FIGS. 6 and 7 illustrate example installations 72A, 72B of an integrated injection system 40. As discussed herein, the integrated injection system 40 may provide for increased efficiency in installation, maintenance, and retrieval operations as well as increased simplicity and reduced resource costs (e.g., piping, accessories, etc.). Furthermore, the integrated injection system 40 may provide for increased latitude in staging an installation and well planning. For example, in some embodiments, the common foundation 42 may be located at a future well site before the well 22 is drilled and/or before the wellhead 16 is installed, as in installation 72A. Furthermore, in some embodiments, one or more sub-components of the integrated injection system 40, such as the ILT module 46 and/or communication module 50 may be mounted on the common foundation 42 before the well 22 is drilled and/or the wellhead 16 is installed. Moreover, the common foundation 42 may be temporarily utilized during drilling or wellhead installation for support and/or guidance. After the wellhead 16 is installed, the master valve module 44 may be coupled to the wellhead 16, and the bridge module 48 may be coupled between the master valve module 44 and the ILT module 46. Alternatively, the common foundation 42 may be placed around an existing well 22 and/or wellhead 16 and the sub-components of the integrated injection system 40 may be installed thereafter, such as in installation 72B. The ordering of installation of the sub-components may generally follow that the master valve module 44 is installed after the wellhead 16 and common foundation 42 are in place, and the bridge module 48 is installed after the master valve module 44 and the ILT module 46 are in place. However, the communication module 50 and ILT module 46 may be installed freely, with respect to order, increasing operational simplicity. Moreover, in some embodiments, the common foundation 42 may be positioned at the well site, before or after wellhead installation, with one or more sub-components (e.g., the communication module 50 and/or ILT module 46) pre-mounted to the common foundation 42. As such, the integrated injection system 40 may provide for increased efficiencies (e.g., time savings, material savings, simplicity of implementation, etc.) increased latitude with regard to well planning, and increased scalability.

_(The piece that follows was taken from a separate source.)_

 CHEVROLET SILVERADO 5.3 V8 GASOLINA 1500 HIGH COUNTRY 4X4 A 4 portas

The technical effects of the systems and methods described herein include a subsea station 18 with a unified subsea tree 14 having an integrated injection system 40 with components disposed on a common foundation for increased installation, maintenance, and retrieval efficiencies. For example, the integrated injection system 40 may utilize a master valve module 44, an in-line-tee (ILT) module 46, a bridge module 48 coupled between the master valve module 44 and the ILT module 46, and a communication module 50 disposed. By integrating the components of the subsea tree 14 onto a common foundation 42, the use of distribution modules 34 and complex flowline arrangements, as well as parallel communications or other conduits, may be reduced, thus increasing simplicity and efficiency. Furthermore, although the above referenced flowchart is shown in a given order, in certain embodiments, process blocks may be reordered, altered, deleted, and/or occur simultaneously. Additionally, the referenced flowchart is given as an illustrative tool and further decision and process blocks may also be added depending on implementation.

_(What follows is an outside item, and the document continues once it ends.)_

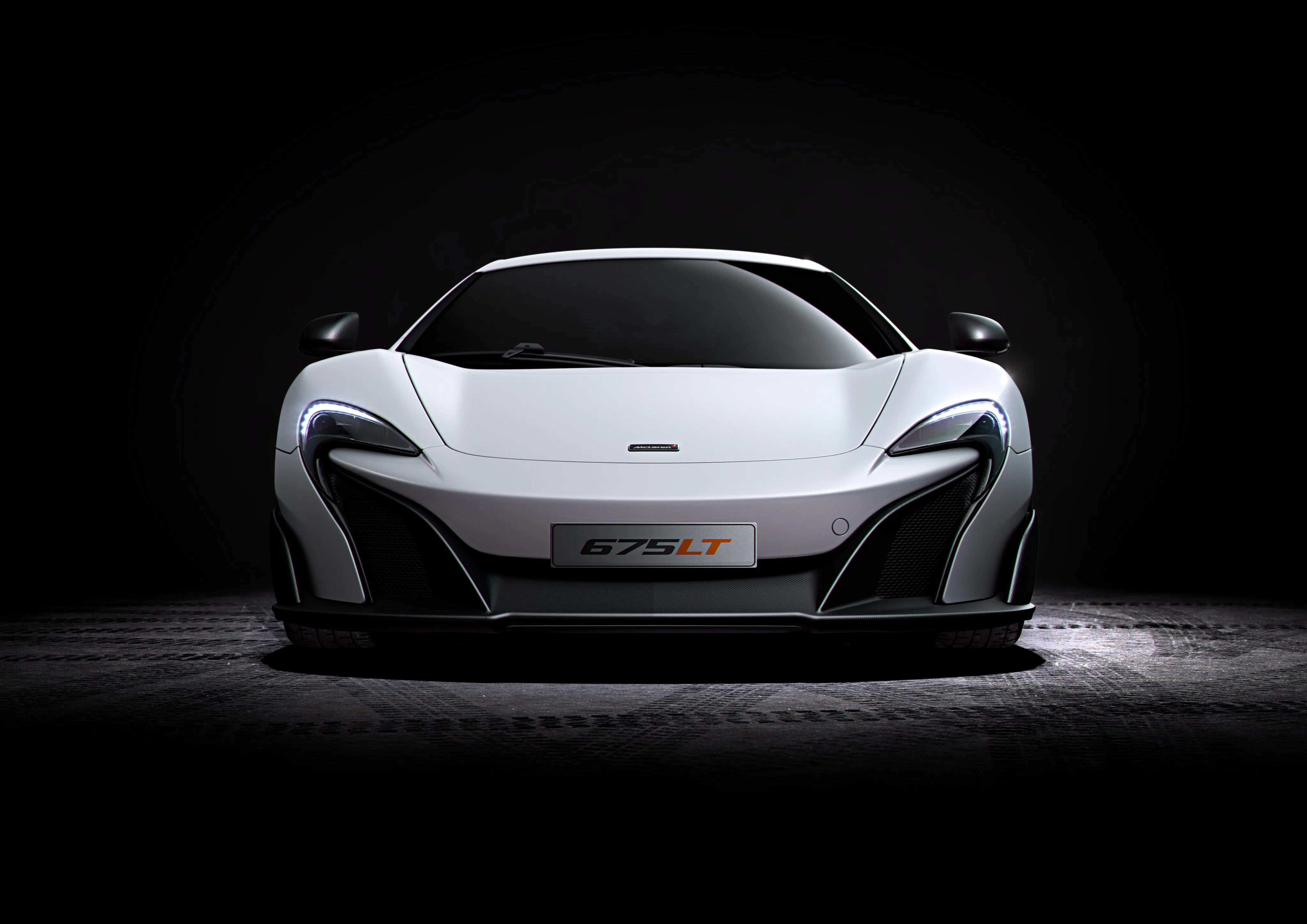 MCLAREN-675LT-5479_22.jpeg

As used herein, the terms “inner” and “outer”; “up” and “down”; “upper” and “lower”; “upward” and “downward”; “above” and “below”; “inward” and “outward”; and other like terms as used herein refer to relative positions to one another and are not intended to denote a particular direction or spatial orientation. The terms “couple,” “coupled,” “connect,” “connection,” “connected,” “in connection with,” and “connecting” refer to “in direct connection with” or “in connection with via one or more intermediate elements or members.”

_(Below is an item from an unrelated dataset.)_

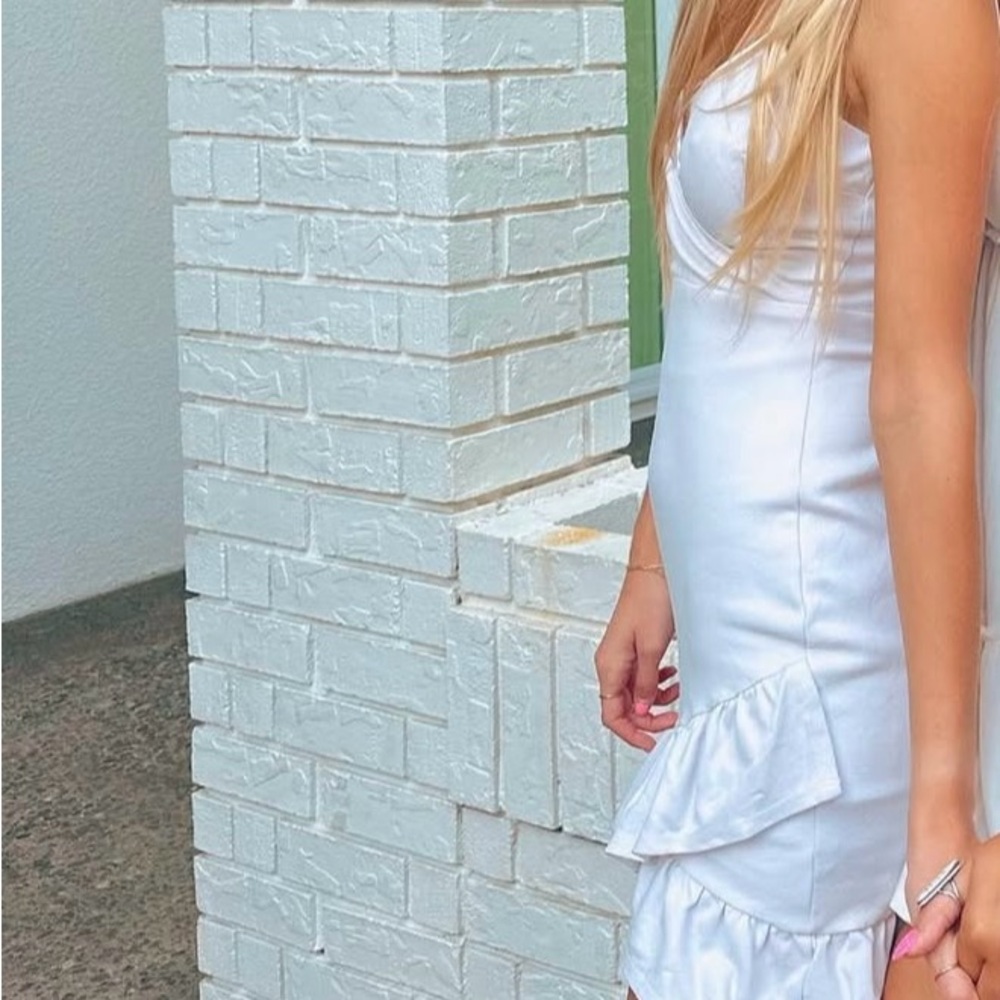 Lulu's Classic White Dress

The foregoing description, for purpose of explanation, has been described with reference to specific embodiments. However, the illustrative discussions above are not intended to be exhaustive or to limit the disclosure to the precise forms disclosed. Many modifications and variations are possible in view of the above teachings. Moreover, the order in which the elements of the methods described herein are illustrated and described may be re-arranged, and/or two or more elements may occur simultaneously. The embodiments were chosen and described in order to best explain the principals of the disclosure and its practical applications, to thereby enable others skilled in the art to best utilize the disclosure and various embodiments with various modifications as are suited to the particular use contemplated.


Finally, the techniques presented and claimed herein are referenced and applied to material objects and concrete examples of a practical nature that demonstrably improve the present technical field and, as such, are not abstract, intangible or purely theoretical. Further, if any claims appended to the end of this specification contain one or more elements designated as “means for [perform]ing [a function] . . . ” or “step for [perform]ing [a function] . . . ,” it is intended that such elements are to be interpreted under 35 U.S.C. § 112(f). However, for any claims containing elements designated in any other manner, it is intended that such elements are not to be interpreted under 35 U.S.C. § 112(f).

Claims
  • 1. An integrated injection system of a subsea system, the integrated injection system comprising: a master valve module comprising at least one valve and configured to directly fluidly couple to a wellhead of the subsea system;an in-line-tee (ILT) module configured to directly fluidly couple the integrated injection system to a flowline of the subsea system via a t-connection;a bridge module configured to fluidly couple the master valve module and the ILT module and to be removably mounted between the master valve module and the ILT module such that components of the bridge module are removeable as an assembly; anda common foundation configured to support the master valve module, the ILT module, and the bridge module.
  • 2. The integrated injection system of claim 1, comprising a communication module mounted to the common foundation and configured to receive control signals from a surface platform and to control actuation of the at least one valve based on the control signals.
  • 3. The integrated injection system of claim 2, wherein the communication module is configured to, based on the control signals, regulate a hydraulic fluid flow to a hydraulic actuator to control actuation of the at least one valve or regulate an electrical power to an electrical actuator to control actuation of the at least one valve.
  • 4. The integrated injection system of claim 1, wherein the bridge module comprises a choke valve configured to regulate a flow of fluid between the master valve module and the ILT module.
  • 5. The integrated injection system of claim 4, wherein the components of the bridge module comprise a plurality of sensors configured to monitor the flow of the fluid.
  • 6. The integrated injection system of claim 4, wherein the components of the bridge module comprise power generation equipment.
  • 7. The integrated injection system of claim 1, wherein the master valve module comprises a vertical monobore, relative to the wellhead, and wherein the bridge module is configured to directly couple to a vertical top of the master valve module.
  • 8. The integrated injection system of claim 7, wherein the bridge module is configured to vertically mount to the ILT module.
  • 9. The integrated injection system of claim 7, wherein the at least one valve comprises an isolation valve configured to selectively fluidly isolate the wellhead from the bridge module.
  • 10. The integrated injection system of claim 1, wherein the ILT module comprises one or more valves configured to selectively fluidly isolate the integrated injection system from other integrated injection systems disposed in series along the flowline.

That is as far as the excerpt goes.